Traditional AI classifies or predicts from existing data — "is this a cat or dog?" Generative AI creates new data — "generate an image of a cat wearing a spacesuit."
The key insight: if you train a model to understand the relationship between descriptions and images deeply enough, you can run it in reverse — give it a description and ask it to create the matching image.
This works because generative models learn the statistical patterns of what things look like, sound like, or read like — and can sample from those patterns to create new examples.
Diffusion models — how Stable Diffusion and Midjourney work
The dominant approach for image generation is diffusion. The intuition:
Training: Take millions of real images. Add random noise to each image progressively until it becomes pure static. Train a neural network to predict and remove the noise at each step.
Generation: Start with pure random noise. Run the denoising network in reverse — gradually removing noise according to a text prompt that guides the direction. After 20-50 steps, a coherent image emerges.
This is why generation takes multiple "steps" — you literally watch the model sculpt an image out of noise, guided by your prompt. Flux.1, Stable Diffusion XL, and Midjourney v6 all use variations of this approach.
Text-to-speech and voice cloning
Modern TTS (text-to-speech) uses neural networks trained on thousands of hours of human speech. The model learns to map text → audio patterns, including prosody (rhythm and emphasis), emotion, and speaker identity.
Voice cloning works by extracting a "voice embedding" — a numerical fingerprint of a specific voice from just a few seconds of audio. The TTS model then generates speech in that voice from any text.
ElevenLabs, Kokoro, and Coqui TTS all use variations of this approach. The open-source Kokoro model (82M parameters) can run in real-time on a laptop CPU and produces near-professional quality.

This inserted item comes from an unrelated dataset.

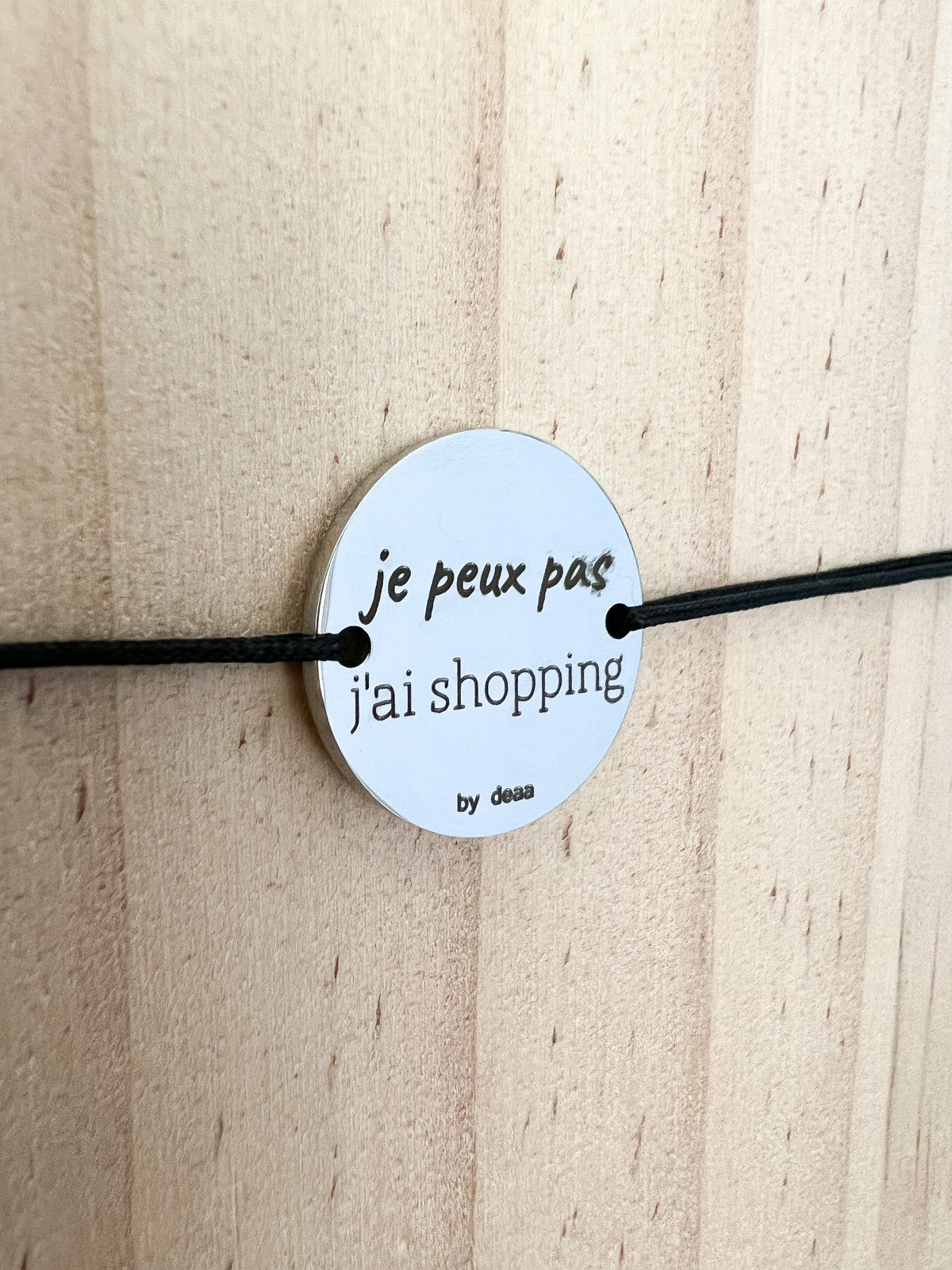 Je Peux pas j'ai Shopping – Bracelet Médaillon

Video generation — the frontier
Video generation is dramatically harder than image generation because every frame must be consistent with every other frame — maintaining identity, physics, and lighting across time.
Modern video models like Wan 2.1, LTX Video, and HunyuanVideo extend the diffusion approach to 3D (width × height × time) or use transformer architectures that process video tokens similarly to text tokens.
The "consistent character" problem — keeping a face identical across scenes — is one of the hardest open problems. Current solutions use IP-Adapter (face identity embeddings) or fine-tuning on a specific subject, but the results are still imperfect.
Sora, Runway Gen-4, and the open-source alternatives are all making rapid progress — expect video quality to match image quality within 1-2 years.